━━ Source material ━━
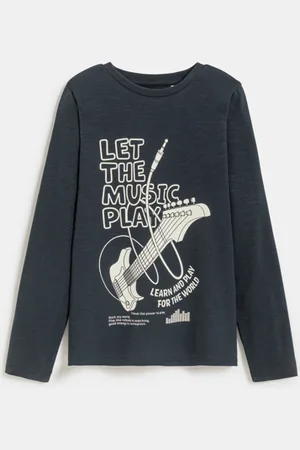 Okaïdi T-shirt music gris anthracite Garçon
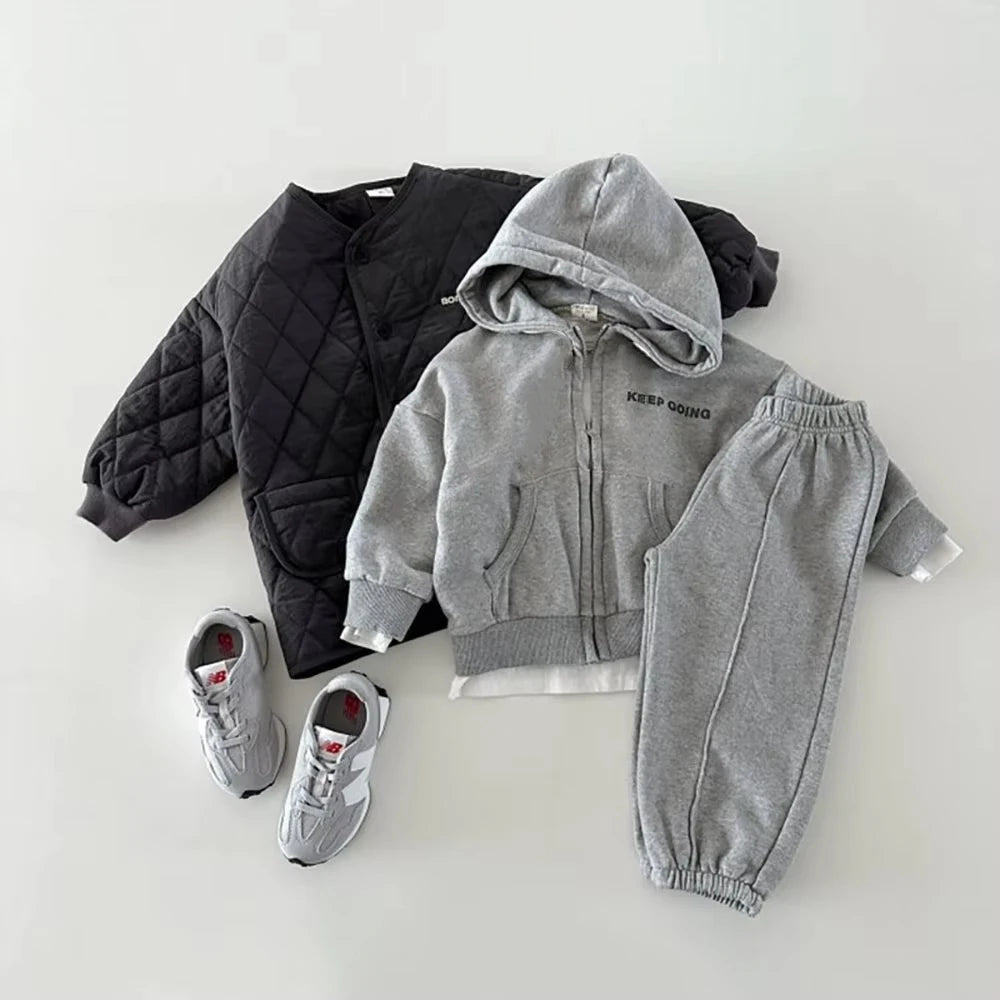 TZ23165 Autumn Winter New Korean Style Unisex Kids Hooded Zipper Long Sleeve Sweatshirt And Pants Two-Piece Set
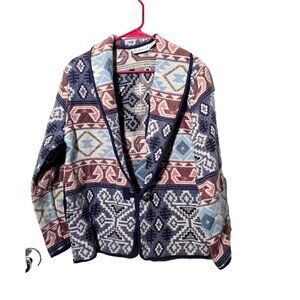 Vtg Flashback Jacket L Aztec Southwestern Button Tribal Boho Festival Artsy Fun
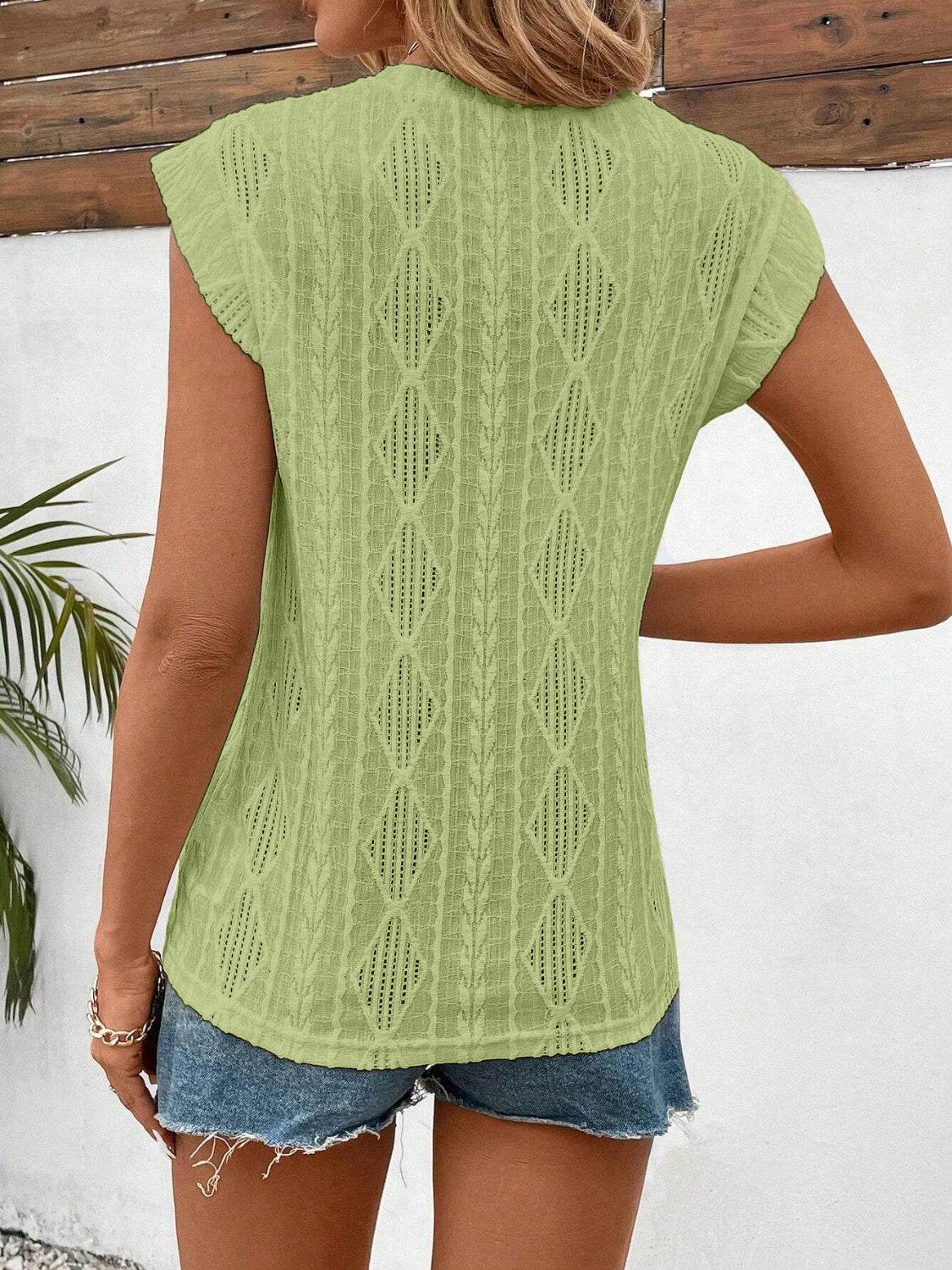 Openwork Round Neck Cap Sleeve Top for a perfect OOTD – dress to impress outfits from Amexza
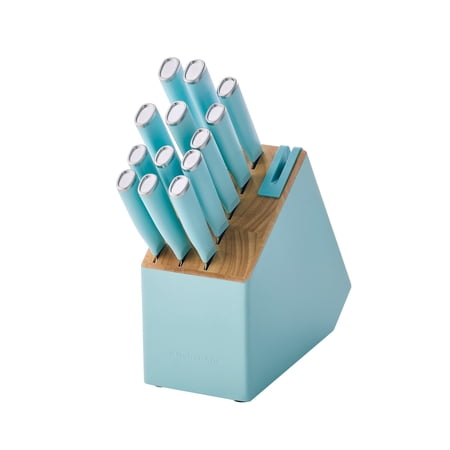 KitchenAid 14-Piece Slim Knife Block Set with Built-In Sharpener, High-Carbon Steel, Mineral Water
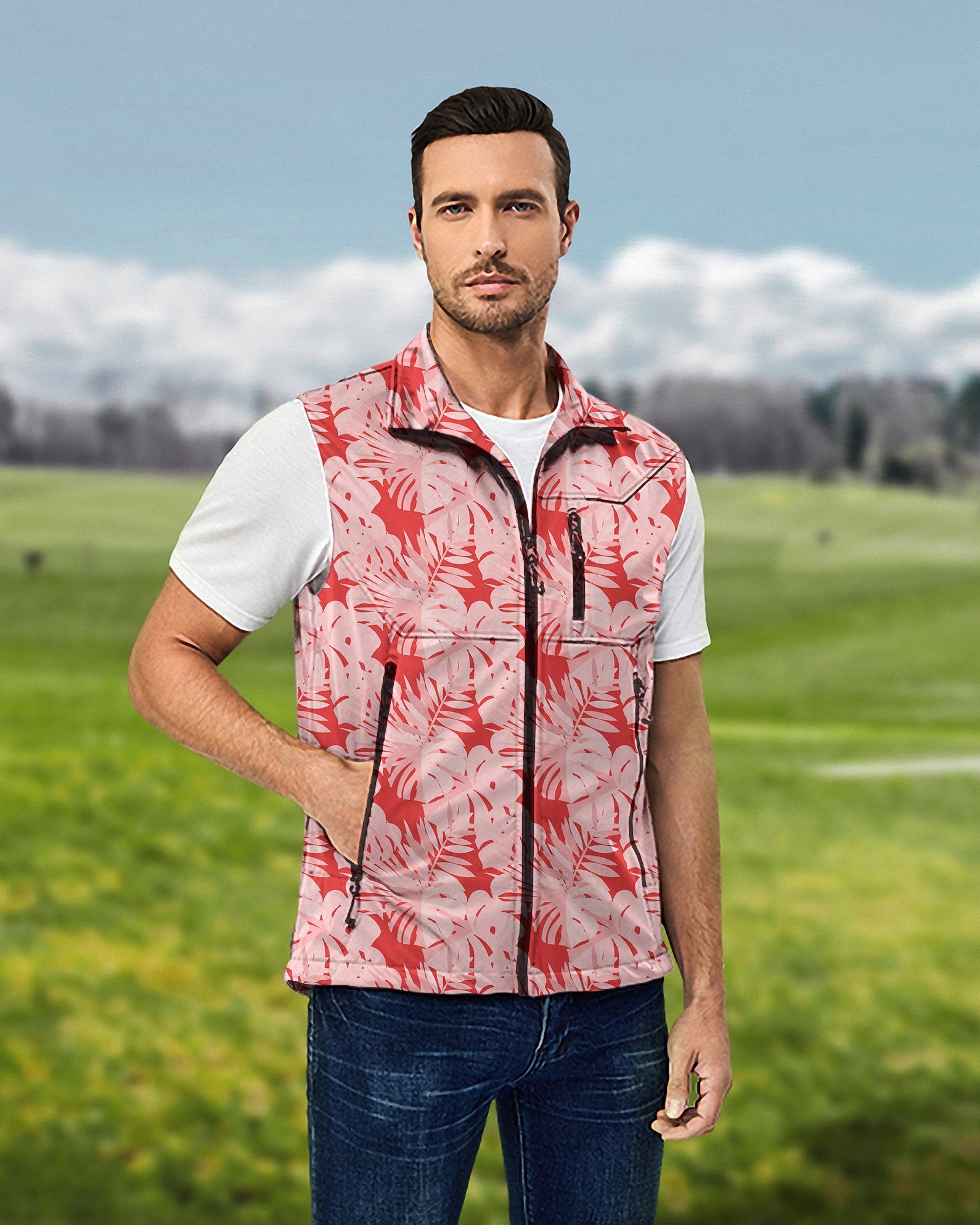 Men's red tropical leaves and plants Lightweight Softshell Vest Sleeveless Jacket for Golf Windproof Waterproof
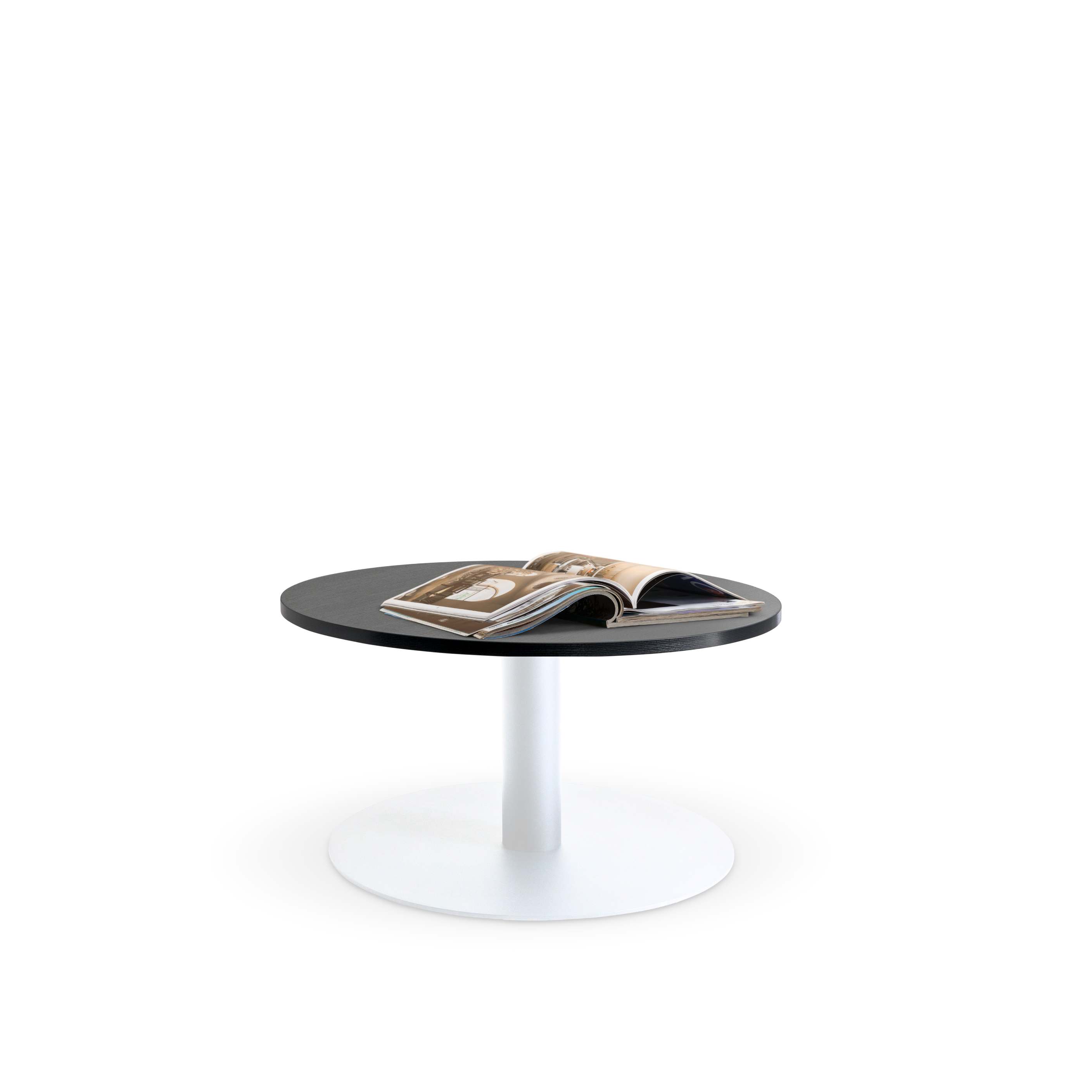 small round coffee table with white base and black top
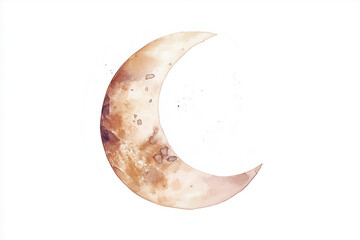 A whimsical watercolor depiction of a crescent moon with earthy tones and a soft aesthetic.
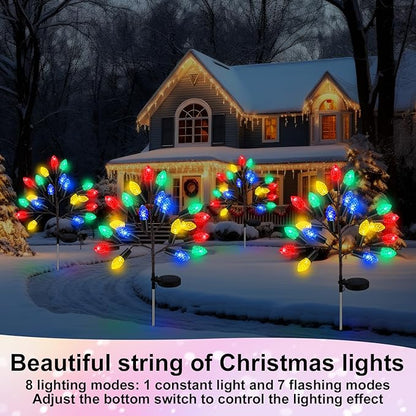 2 Pcs Christmas Solar Pathway Lights Outdoor Decorations 28" Christmas Stake Lamp Yard Waterproof 8 Modes 20 LED Pine Cones Tree for Walkway Path Garden Patio Decor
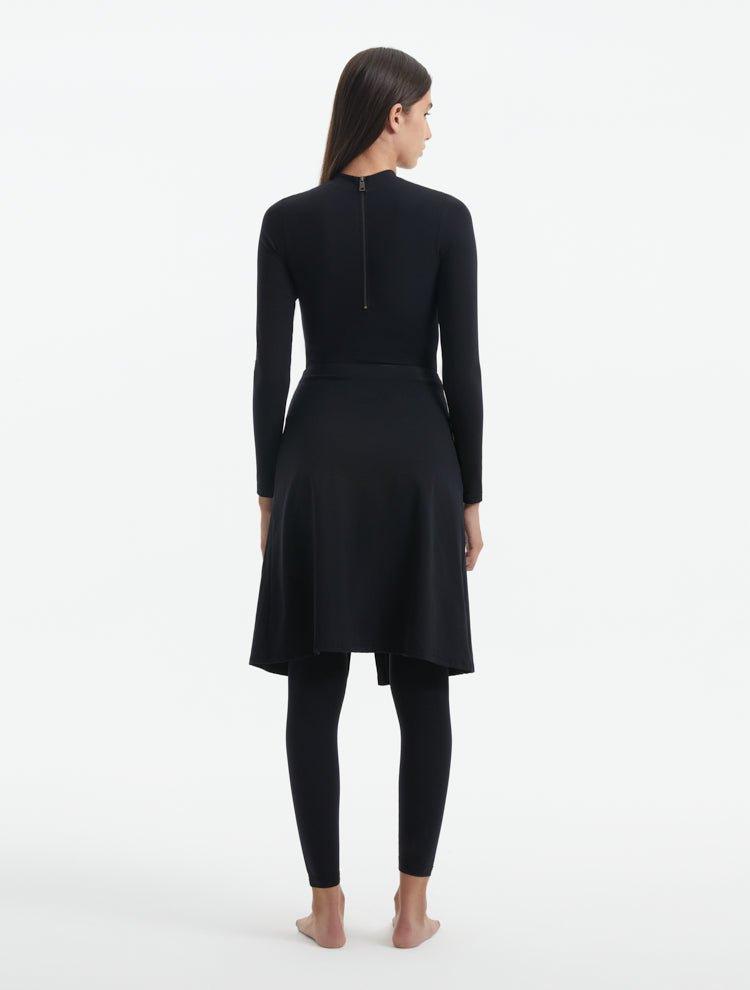"Back view of the Meissa Black Burkini, showcasing its seamless, refined design.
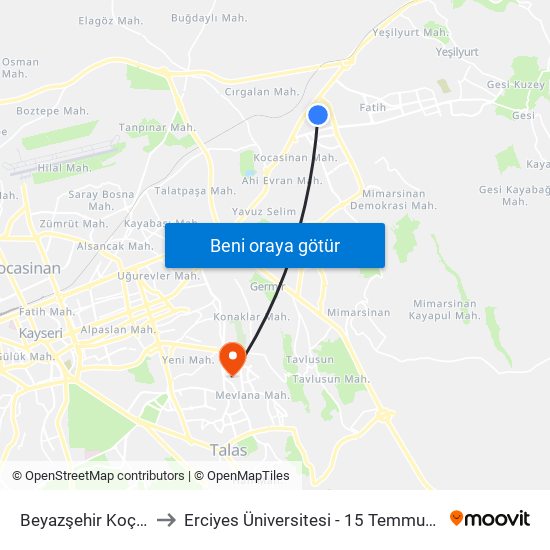 Beyazşehir Koçkaya 3 to Erciyes Üniversitesi - 15 Temmuz Yerleşkesi map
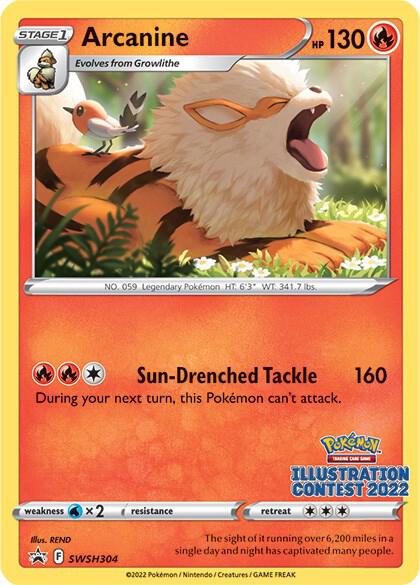 Arcanine (Illustration Contest 2022) SWSH304, Sword & Shield Promos, Normal, English Pokémon TCG card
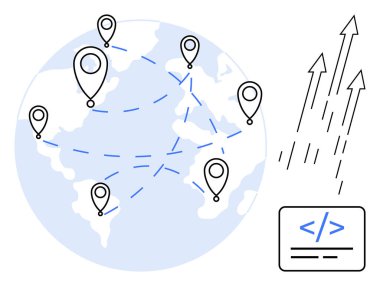Noktalı çizgiler, yukarı doğru oklar ve bir kodlama penceresiyle bağlanmış yer işaretleri olan bir dünya. Teknoloji, veri paylaşımı, küresel ulaşım, yenilik, gelişim bağlantı artışı için idealdir. Basit düz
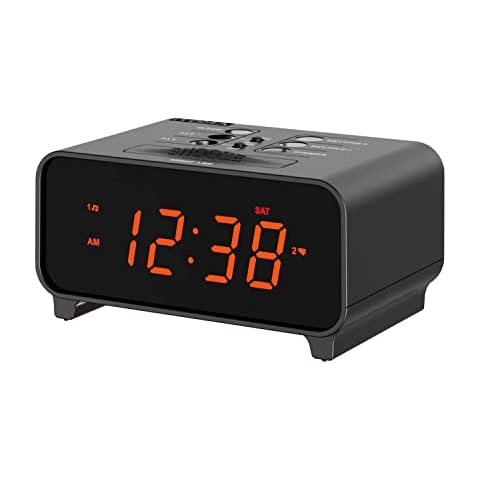 iTOMA Small Digital Alarm Clocks, Dual Alarms with 4 Alarm Week Modes, Snooze, USB Charger, Auto & Manual Dimmer,12/24Hr,Night Light and Orange LED Display Clock for Bedrooms 213 Cover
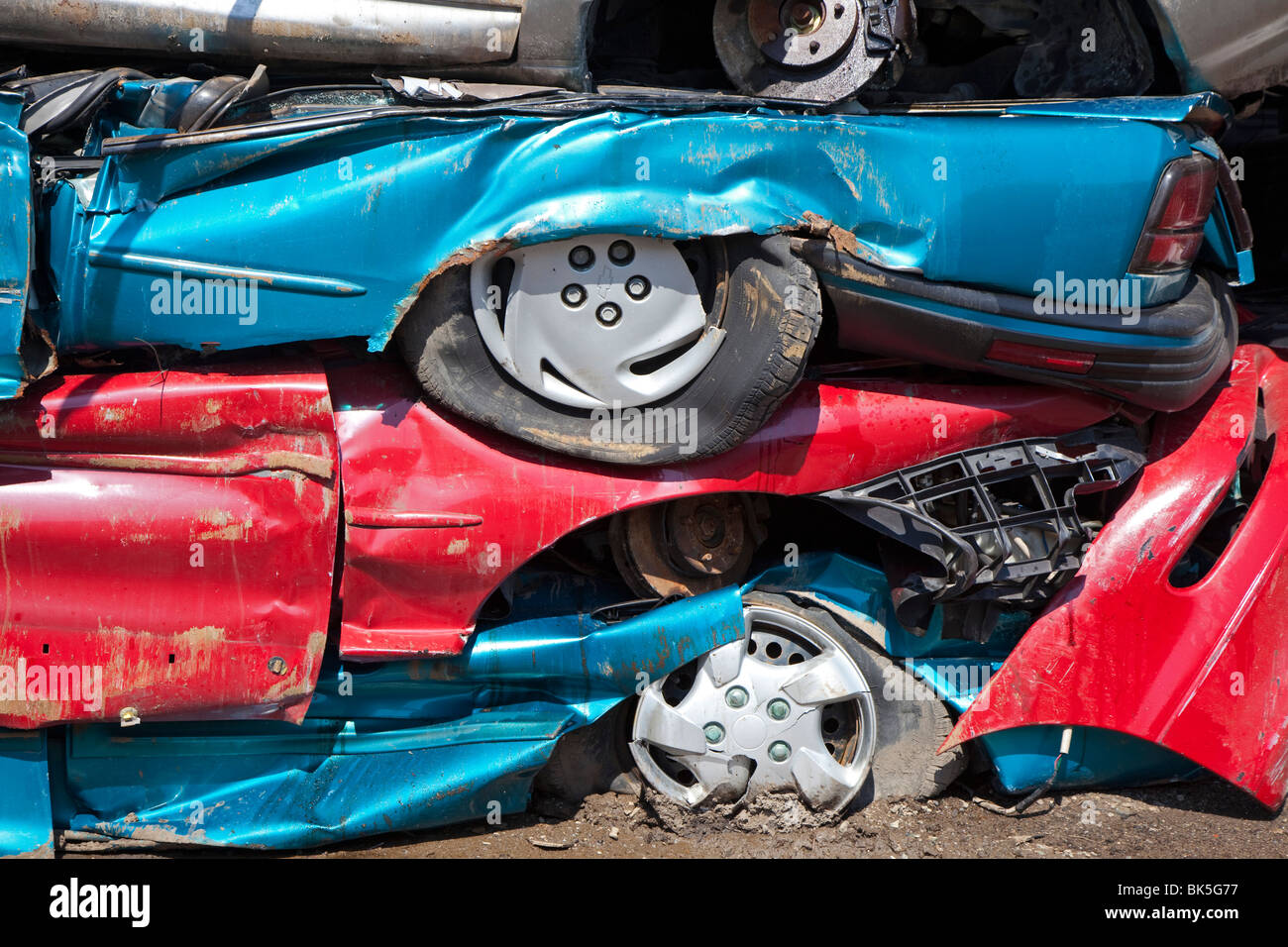 Detroit, Michigan Junk cars crushed and ready for recycling at a
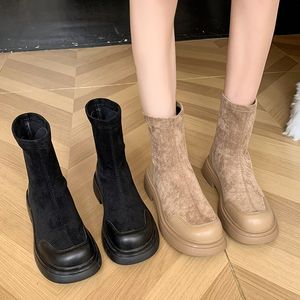 Boots Shoes Flat Platform Boots-Women Round Toe Clogs Summer Med Ladies Ankle 2023 Rock Lolita Basic Slip-On Cotton Fabric Lace 230914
━━━
| Try it |
Your task is to restate word for word the lines from the one containing "Openwork Round Neck" through the last line of the data, both ends included, with no pictures.

| Output for this exercise |
 Openwork Round Neck Cap Sleeve Top for a perfect OOTD – dress to impress outfits from Amexza
 KitchenAid 14-Piece Slim Knife Block Set with Built-In Sharpener, High-Carbon Steel, Mineral Water
 Men's red tropical leaves and plants Lightweight Softshell Vest Sleeveless Jacket for Golf Windproof Waterproof
 small round coffee table with white base and black top
 A whimsical watercolor depiction of a crescent moon with earthy tones and a soft aesthetic.
 2 Pcs Christmas Solar Pathway Lights Outdoor Decorations 28" Christmas Stake Lamp Yard Waterproof 8 Modes 20 LED Pine Cones Tree for Walkway Path Garden Patio Decor
"Back view of the Meissa Black Burkini, showcasing its seamless, refined design.
 Beyazşehir Koçkaya 3 to Erciyes Üniversitesi - 15 Temmuz Yerleşkesi map
 Arcanine (Illustration Contest 2022) SWSH304, Sword & Shield Promos, Normal, English Pokémon TCG card
Noktalı çizgiler, yukarı doğru oklar ve bir kodlama penceresiyle bağlanmış yer işaretleri olan bir dünya. Teknoloji, veri paylaşımı, küresel ulaşım, yenilik, gelişim bağlantı artışı için idealdir. Basit düz
 iTOMA Small Digital Alarm Clocks, Dual Alarms with 4 Alarm Week Modes, Snooze, USB Charger, Auto & Manual Dimmer,12/24Hr,Night Light and Orange LED Display Clock for Bedrooms 213 Cover
 Detroit, Michigan Junk cars crushed and ready for recycling at a
 Boots Shoes Flat Platform Boots-Women Round Toe Clogs Summer Med Ladies Ankle 2023 Rock Lolita Basic Slip-On Cotton Fabric Lace 230914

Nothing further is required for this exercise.